At about 24 miles we passed the beaver dam area.  Its actually hard to describe it in words and I unfortunately didn't have the wherewithal to grab get a picture.  It was like running on the edge of a dam that quickly transitioned into the forest.  There were mud puddles and tree roots mixed in it all.  It was a challenge to keep the shoes out of the mud and still follow the trail.  To the left, often at my knee's height would be dam like mounds of tree branches and mud that beavers had constructed, with small ponds on the other side.  In this area I had another runner, who would finish only a minute or so ahead of me, catch up and ask if I had extra water.  I happily pulled out my hydration bladder and saw I had half a liter left, I poured him about half of it knowing we weren't too far from the finish.  He was kind and grateful.

The last two miles had a few muddy spots and were also on some of the Tahquamenon Falls trails.  I passed signage for one of the big oak trees that are the highlights of those trails.  Again, I wished I had had the energy to stop for a picture.  When I passed M123 I at least knew I had almost made it.  It was a short jaunt down a service road from there and then on grassy trail around a retention pond and into the finish line by the bathrooms at the Upper Falls.  I had been wondering where they would setup the finish and was glad to see it where it was as that meant it was close to the parking lots.  I finished with a 5:15, about 45 minutes slower than desired.  Full of frustration I had now added up 3 of 4 very frustrating marathon finishes and was left wondering where to go from here to improve this.  Ironically, my only marathon finish in which I beat my goal and was ecstatic with my race was also the very hardest of courses, last year's Pikes Peak Marathon.  Go figure.

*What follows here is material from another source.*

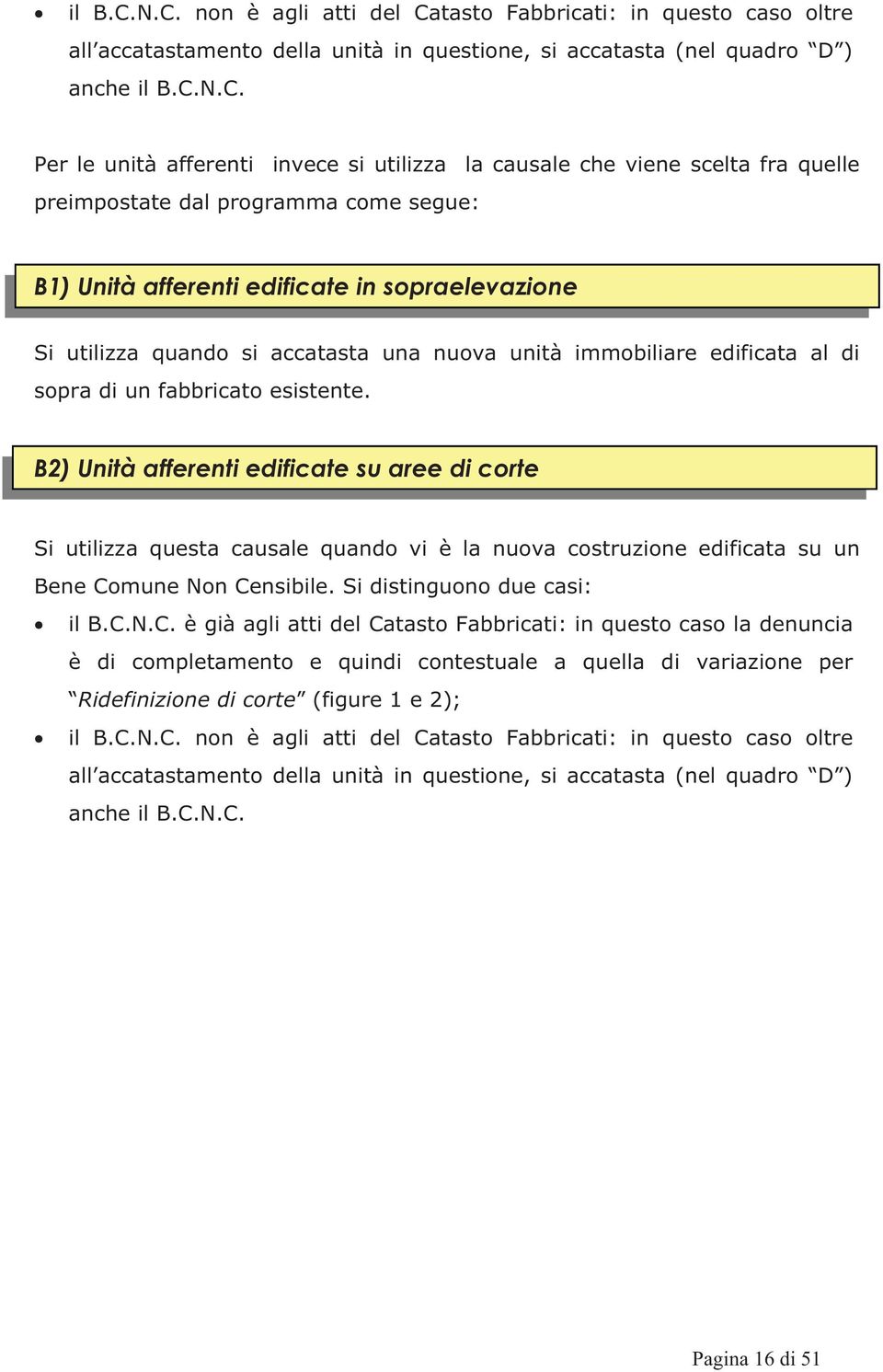 causale che viene scelta fra quelle preimpostate dal programma come segue: B1) Unità afferenti edificate in sopraelevazione Si utilizza quando si accatasta una nuova unità immobiliare edificata al di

At the finish they had runners walk up to their timing table, they would scan the bib and it would instantly print out a receipt with your time and finishing places.  Really nice job by Superior Timing.  We would then take the receipt over to the medals table where they would hand you a finisher's medal and if you placed top 3 in your age group, which sadly I did, you would get an award.  For me it was a jar of maple syrup.  Honestly, I didn't feel like I deserved an age group award, though it helps when there are only 4 in your age group.  

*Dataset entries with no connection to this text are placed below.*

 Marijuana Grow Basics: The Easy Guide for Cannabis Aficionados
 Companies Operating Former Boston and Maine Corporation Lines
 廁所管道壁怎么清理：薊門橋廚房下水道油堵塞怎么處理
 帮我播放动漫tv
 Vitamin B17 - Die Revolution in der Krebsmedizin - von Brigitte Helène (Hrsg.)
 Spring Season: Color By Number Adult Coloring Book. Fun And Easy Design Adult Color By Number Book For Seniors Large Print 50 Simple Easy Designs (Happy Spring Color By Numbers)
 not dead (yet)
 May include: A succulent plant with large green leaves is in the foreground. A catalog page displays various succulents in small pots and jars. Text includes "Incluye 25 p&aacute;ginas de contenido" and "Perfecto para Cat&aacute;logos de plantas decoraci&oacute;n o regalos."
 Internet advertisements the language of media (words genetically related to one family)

In all, I was pleased with the Two Hearted course and for that alone I would return.  Great Lakes Endurance did a very nice job in organizing things and I would be tempted to try one of their two other Northern Michigan trail marathons.  Now I just need to figure out where my problems are arising in my marathon finishes.

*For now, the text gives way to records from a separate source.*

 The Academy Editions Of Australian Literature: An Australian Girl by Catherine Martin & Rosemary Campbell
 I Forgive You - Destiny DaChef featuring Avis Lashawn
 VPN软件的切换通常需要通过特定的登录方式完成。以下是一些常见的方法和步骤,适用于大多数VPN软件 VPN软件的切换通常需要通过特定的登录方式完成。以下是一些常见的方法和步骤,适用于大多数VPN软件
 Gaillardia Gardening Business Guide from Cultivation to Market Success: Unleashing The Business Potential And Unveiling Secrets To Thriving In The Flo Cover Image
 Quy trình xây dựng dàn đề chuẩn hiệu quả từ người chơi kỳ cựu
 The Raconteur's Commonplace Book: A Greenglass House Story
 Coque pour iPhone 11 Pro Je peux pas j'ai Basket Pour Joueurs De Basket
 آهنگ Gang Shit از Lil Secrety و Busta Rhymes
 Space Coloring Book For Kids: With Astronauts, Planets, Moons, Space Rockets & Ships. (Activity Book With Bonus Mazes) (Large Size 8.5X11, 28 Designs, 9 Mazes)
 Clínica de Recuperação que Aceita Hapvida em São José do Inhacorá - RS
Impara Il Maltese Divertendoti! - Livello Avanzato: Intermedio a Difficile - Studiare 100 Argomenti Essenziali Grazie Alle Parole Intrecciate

I have a track and waypoints from the hike all contained in a KML file that you are welcome to download and use (at your own risk).  


  1. Thank you for your great race review, very helpful I plan to run this June. Your perseverance paid off during race with a nmarathon finish and a great race story, nice job!

    1. Thanks for the comment Sherri. As it happens, I'm going to be back up at Two Hearted this year as well. Looking forward to those miles along Lake Superior. Hoping the bugs aren't too bad this year. Good luck on your race!